PAR CES MOTIFS, et sans qu’il y ait lieu de statuer sur le premier moyen, la Cour :
CASSE ET ANNULE, en toutes ses dispositions, l’arrêt rendu le 24 novembre 2021, entre les parties, par la cour d’appel de Montpellier ;
Remet l’affaire et les parties dans l’état où elles se trouvaient avant cet arrêt et les renvoie devant la cour d’appel de Lyon ;
Condamne la société PVB avocats aux dépens ;
En application de l’article 700 du code de procédure civile, rejette la demande formée par la société PVB avocats et la condamne à payer à Mme [Y] la somme de 3 000 euros ;
Dit que sur les diligences du procureur général près la Cour de cassation, le présent arrêt sera transmis pour être transcrit en marge ou à la suite de l’arrêt cassé ;
Ainsi fait et jugé par la Cour de cassation, première chambre civile, et prononcé par le président en son audience publique du huit mars deux mille vingt-trois.
MOYENS ANNEXES au présent arrêt
Moyens produits par la SCP Gadiou et Chevallier, avocat aux Conseils, pour Mme [Y]
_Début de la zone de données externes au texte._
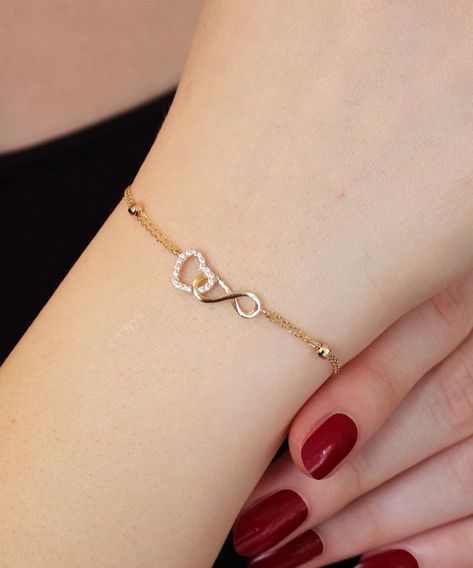 14K Gold Heart and Infinity Symbol Bracelet A symbol of infinite love, this elegant bangle bracelet showcases the symbols of love and eternity entwined with each other. The heart motif perfectly complements the infinity symbol for a truly romantic look. This unique bracelet is perfect for everyday wear as it is made of solid gold and won't tarnish. It is a wonderful gift for a special person. Features: * This bracelet is made of patented 14K solid gold. * It has a 16cm chain and 2cm charm Heart And Infinity Necklace, Hand Wear Accessories, Infinity Heart Bracelet, Gold Heart Bracelet For Women, Simple Hand Bracelet, Women’s Bracelets Gold, Beautiful Bracelet Gold, A Bracelet Gold, Bracelet Design For Girls In Gold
PREMIER MOYEN DE CASSATION
Madame [G] [Y] fait grief à l’arrêt attaqué, infirmatif de ce chef, D’AVOIR déclaré irrecevable la demande d’arbitrage du 1er décembre 2020 formé à l’encontre de la Selas PVB Avocats ;
1°) ALORS QUE si la tentative de conciliation est un préalable à la procédure d’arbitrage du Bâtonnier, elle ne revêt pour autant aucun formalisme particulier, seuls étant exigés la présence des parties et l’objet des demandes soumises, en l’absence de conciliation, à l’arbitrage du Bâtonnier ; qu’en l’espèce, il résultait expressément de la décision du Bâtonnier que celui-ci avait, « préalablement à tout débat au fond », « demandé ( ) aux parties s’il était possible d’engager une discussion sur les conditions d’une conciliation ( ) » et avait « constaté le défaut de toute conciliation possible » ; qu’une tentative de conciliation avait donc eu lieu ; qu’en déclarant cependant irrecevable la demande d’arbitrage du Bâtonnier faute d’avoir été précédée d’une tentative de conciliation, cette absence rendant « la saisine du Bâtonnier ( ) irrégulière », la cour d’appel a violé les articles 7 et 21 de la loi du 31 décembre 1971, ensemble les articles 142 et 179-1 du décret du 27 novembre 1991 ;
2°) ALORS QUE si la tentative de conciliation est un préalable à la procédure d’arbitrage du Bâtonnier, aucun texte n’impose que cette tentative émane nécessairement d’une partie ; qu’en l’espèce, il résultait expressément de la décision du Bâtonnier que celui-ci avait, « préalablement à tout débat au fond », « demandé ( ) aux parties s’il était possible d’engager une discussion sur les conditions d’une conciliation ( ) et avait « constaté le défaut de toute conciliation possible » ; qu’une – vaine – tentative de conciliation avait donc eu lieu à l’initiative du Bâtonnier lui-même ; qu’en conséquence, en déclarant irrecevable la demande d’arbitrage du Bâtonnier motif pris de ce que « Me [Y] n’a présenté aucune demande de conciliation » et que, partant, « la saisine du Bâtonnier était irrégulière », la cour d’appel a, en toute hypothèse, encore violé les articles 7 et 21 de la loi du 31 décembre 1971, ensemble les articles 142 et 179-1 du décret du 27 novembre 1991.
SECOND MOYEN DE CASSATION
Madame [G] [Y] fait grief à l’arrêt attaqué de l’AVOIR déboutée de toutes ses demandes après avoir déclaré irrecevable sa demande d’arbitrage en date du 1er décembre 2020 ;
ALORS QUE le juge qui statue au fond après avoir déclaré une demande irrecevable excède ses pouvoirs ; qu’en l’espèce, après avoir déclaré irrecevable la demande d’arbitrage du Bâtonnier, la cour d’appel a débouté Mme [G] [Y] de ses demandes ; qu’en statuant ainsi, la cour d’appel a excédé ses pouvoirs et a ainsi violé l’article 122 du code de procédure civile.